I’m sitting in my bedroom and I can hear muffled music from somewhere outside, and just this bass throb and something else low mixed in, with a little sparkle to it, and I think, “That’s Stevie Nicks. That’s the Dance album.” So I open the window, and yeah, it’s “Dreams.” So now I’m sitting here with the window open, because it’s kind of nicer than just pulling out the CD and listening to it myself.
Some girl started following me on here, so I went to her page, and she has a post where she’s all “Gross. Fleetwood Mac.”
Honey, I am not someone you’d be interested in.
My feelings about politics and literature and mathematics and the rest of life’s minutiae can only be described through a labyrinthine of six-sided questions, but everything that actually matters can be explained by Lindsey fucking Buckingham and Stevie fucking Nicks in four fucking minutes.
Chuck Klosterman (via straypaper) (via fuckyeahstevienicks)
I mean, yes, but also: Chuck Klosterman managed to get six books published without knowing that “labyrinthine” is not a noun?
I had a dream last night where Stevie Nicks was singing a slightly slowed-down version of “Dreams” live, backed by like, all the chicks from Lilith Fair and a gospel choir.
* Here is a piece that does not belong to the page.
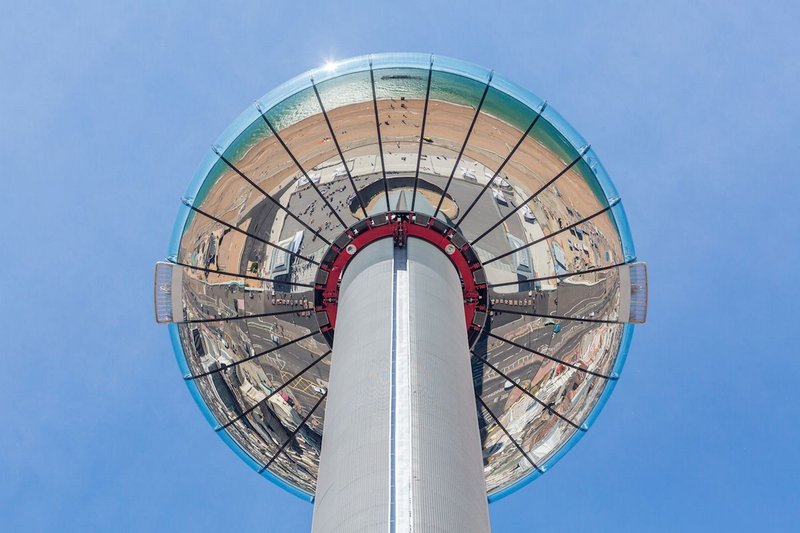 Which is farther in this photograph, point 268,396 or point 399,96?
point 268,396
If my brain were made of Venn diagrams, the place where Fleetwood Mac’s Tango in the Night, Stevie Nicks’ The Wild Heart, and that whole genre of fantasy/spooky children’s films from the ’80s that encompasses everything from The Neverending Story to Little Monsters to The Secret of NIMH and always seemed to be playing on some cable channel on rainy Sunday afternoons overlap would be Florence + the Machine’s Lungs.